Com sua declaração o presidente demonstrou a todos a improcedência da acusação - inaceitável é considerar eventual encontro entre ele e Machado na Base Aérea prova de que a acusação de Machado seja verdadeira. Tem que provado o teor da conversa.]
“Você acha que eu preciso
de intermediários para falar com empresário, para pedir doação de
campanha para a empresa X, Y ou Z? Ainda mais de um sujeitinho (Machado)
como esse?”, me disse Temer ontem, relatando que recebeu Machado, pelo
menos uma vez, no gabinete de vice-presidente e na residência do Jaburu e
que, de fato, vez ou outra, para ganhar tempo, mantém conversas na Base
Aérea, mas não se lembra desse encontro de 2012.
De qualquer
forma, a metralhadora giratória de Sérgio Machado é muitíssimo grave,
atinge o coração do PMDB, alveja sete partidos, inclusive o PSDB, e
reforça duas questões muito delicadas: 1) qual a alternativa ao governo
Temer agora?; 2) se não sobra ninguém e nenhum partido, que candidatos
teremos em 2018?
O bloco PSDB/PMDB/PPS/DEM ameaça incluir na
acusação contra Dilma Rousseff, no processo de impeachment, o relatório
preliminar do TCU apontando 23 irregularidades e/ou crimes de
responsabilidade nas contas dela em 2015. Já a turma PT/PC do B/PDT
contra-ataca tentando anexar as gravações e delações de Machado na
defesa dela. Nada disso deve ter efeito prático, mas aumenta o
descrédito geral. [O bloco PSDB & Cia age corretamente; vale tudo para destruir politicamente a Afastada.]

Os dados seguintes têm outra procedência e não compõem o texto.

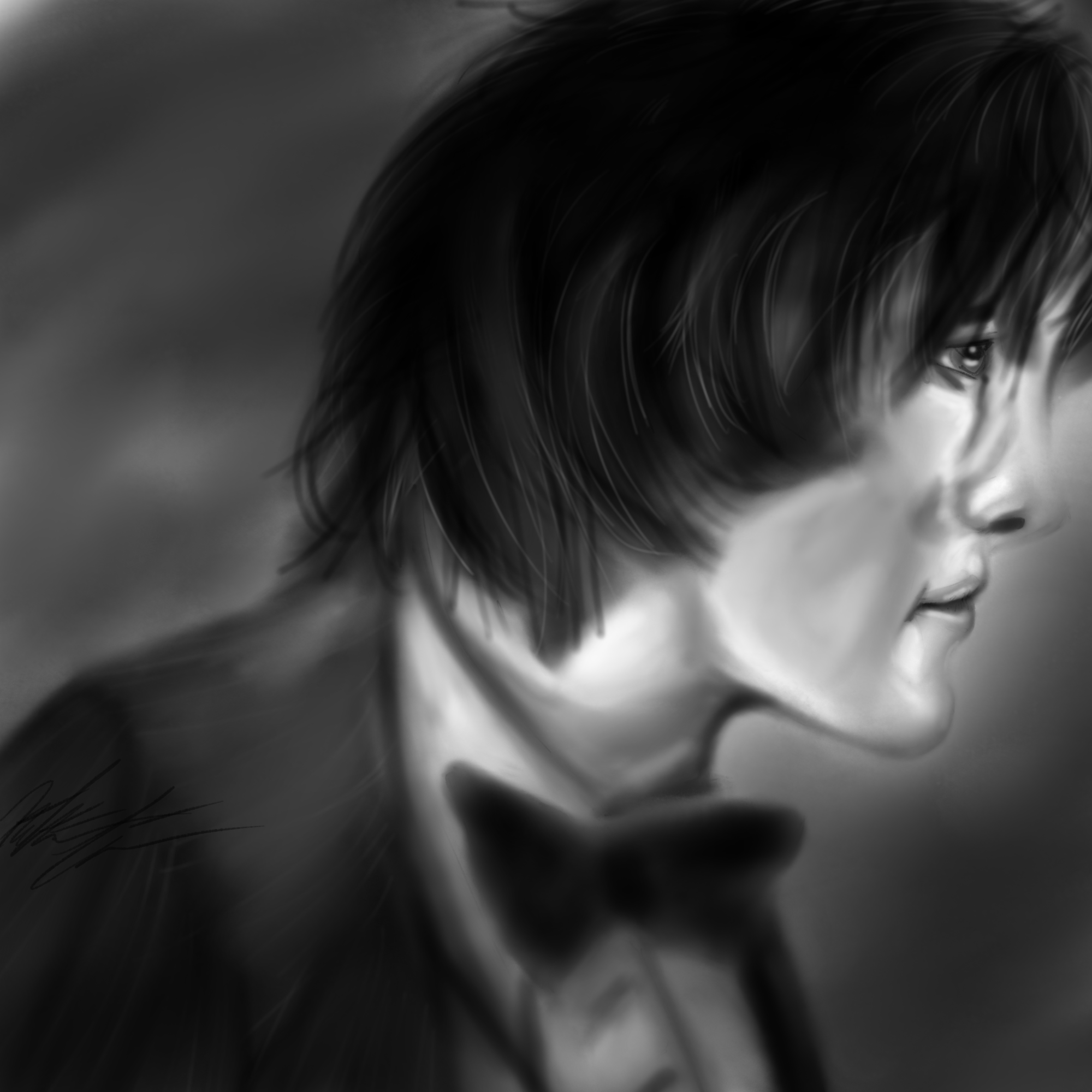 Realism Practice by DragonArtist93 on DeviantArt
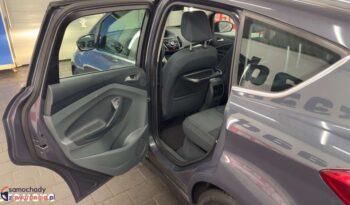 Ford C-MAX 2.0 TDCi Titanium full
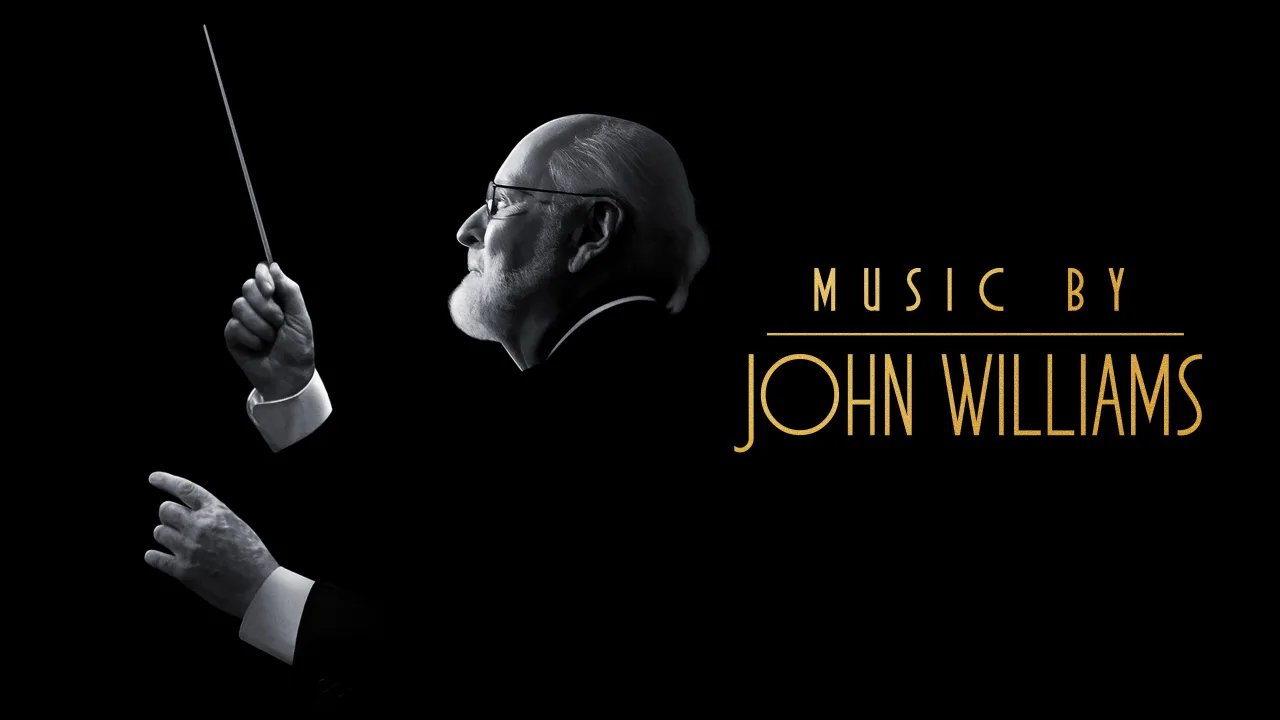 Music by John Williams İndir - görsel 7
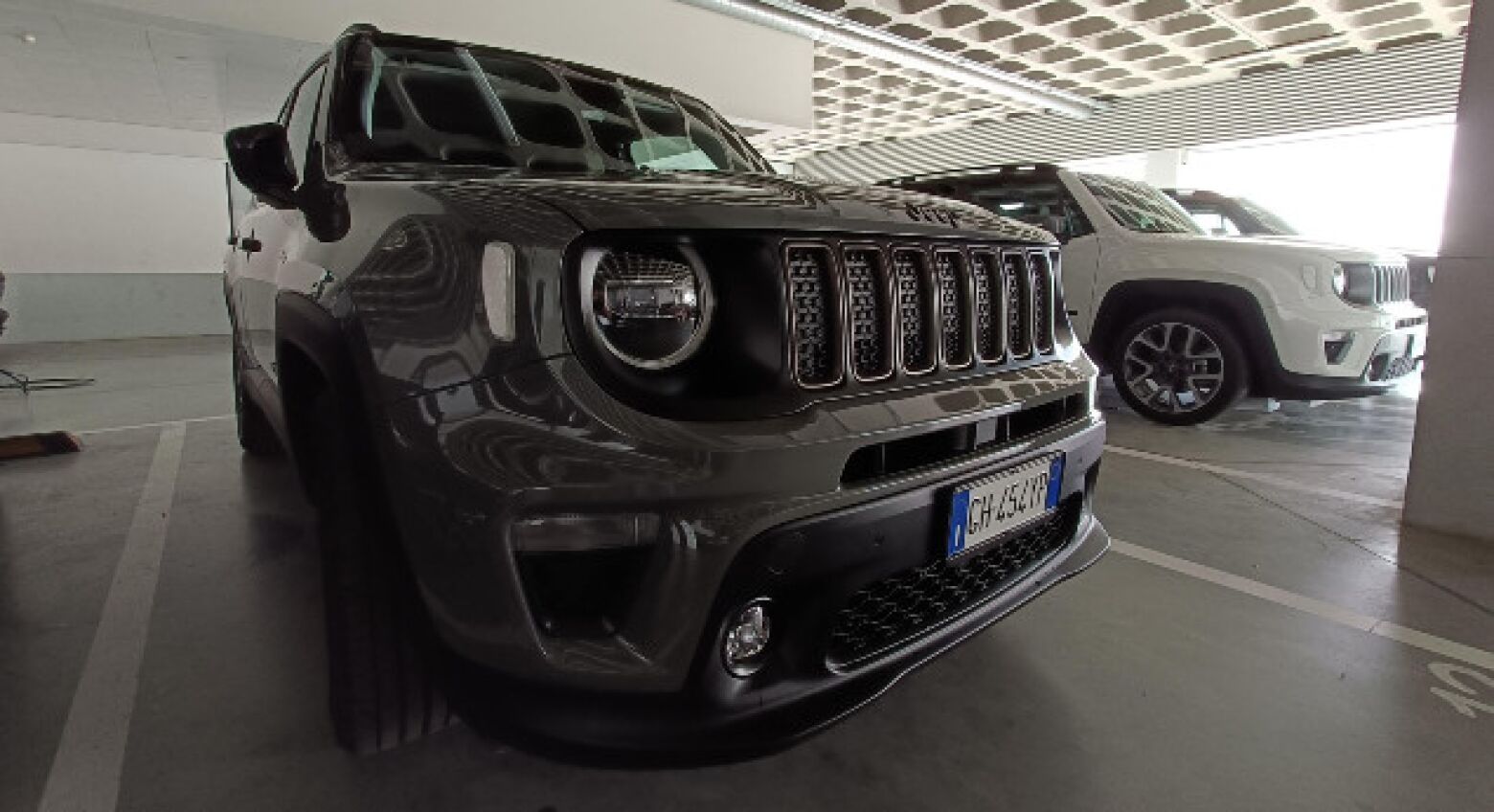 No adeus à combustão. Jeep Portugal reforça eletrificação com versões e-Hybrid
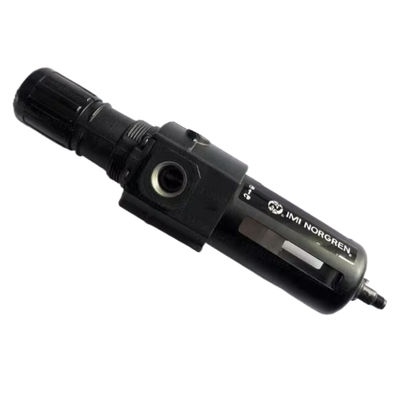 IMI Norgren B74G-4GK-QP1-RMN Excelon Filtre/régulateur 5μm G1/2 Drainage manuel 0,3-10 bar sans jauge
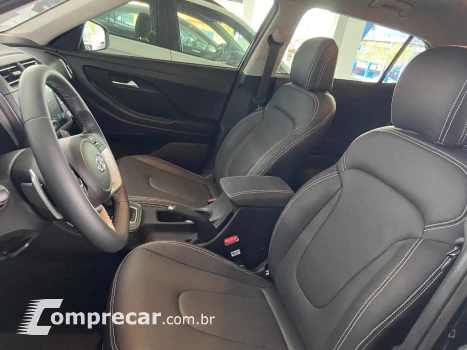 CRETA 1.0 TGDI FLEX COMFORT PLUS AUTOMÁTICO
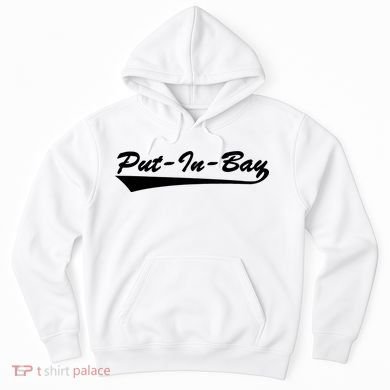 Put In Bay Hoodie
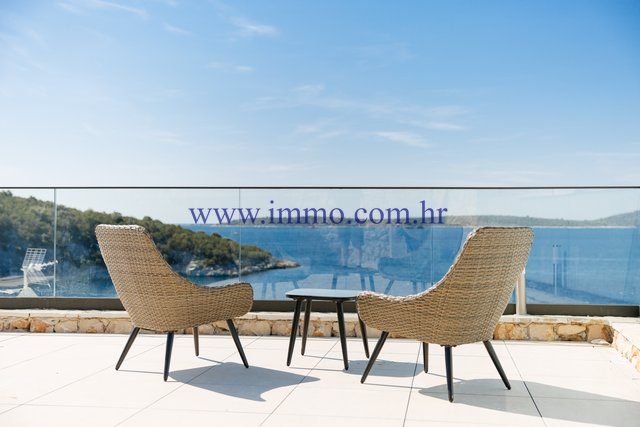 House for sale 162 m² – Trogir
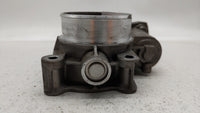 2016-2017 Chevrolet Equinox Throttle Body P/N:12669146AA 12670834AA Fits Fits 2016 2017 OEM Used Auto Parts - Oemusedautopar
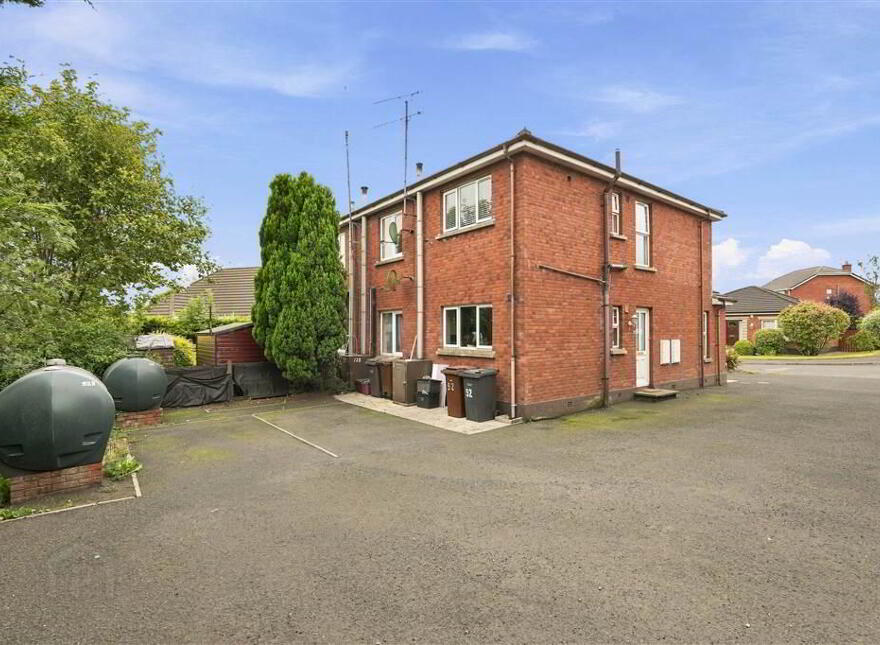 52B Parklands, Ballymena, BT43 6FD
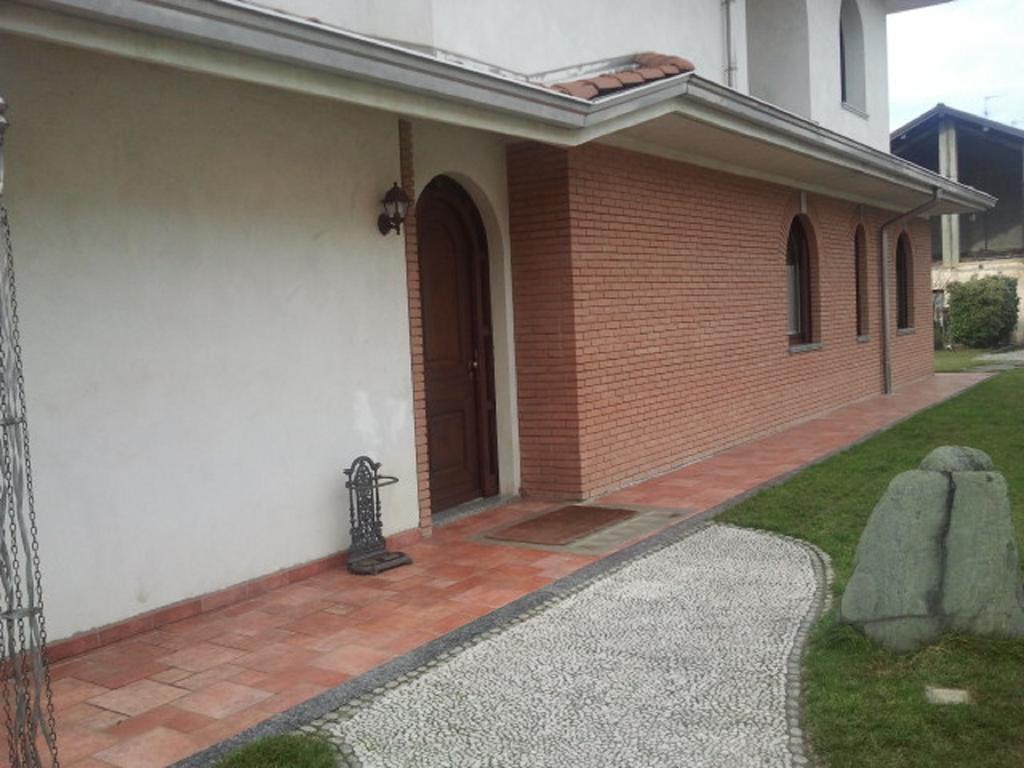Crespi House Parabiago Exterior foto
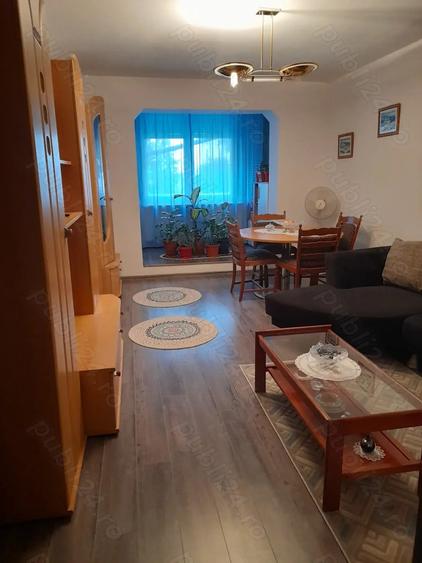 Ap. 3 camere si 2 balcoane - 2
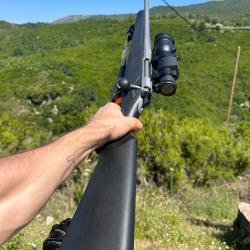 Tikka t3x lite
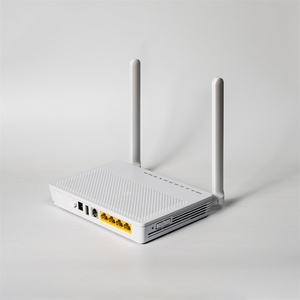 ONU WIF ONT con 1GE+3FE+POTS+USB LAN Ethernet, Firmware Chino <span class=keywords><strong>192.168.100.1</strong></span>, Control Remoto, Red WiFi - Product Image 2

Aliás, bastou a Dilma botar o pé fora do
Planalto para o PT trocar de posição com o PMDB: era alvo principal
desde o mensalão, agora cedeu a vez ao PMDB de Temer. Confirmando que a
munição mais pesada e a maior publicidade (para o bem e para o mal) são
sempre para quem está no poder. [devendo ser sempre considerada a possibilidade que Machado esteja a serviço do PT - afinal ele é uma mercadoria.]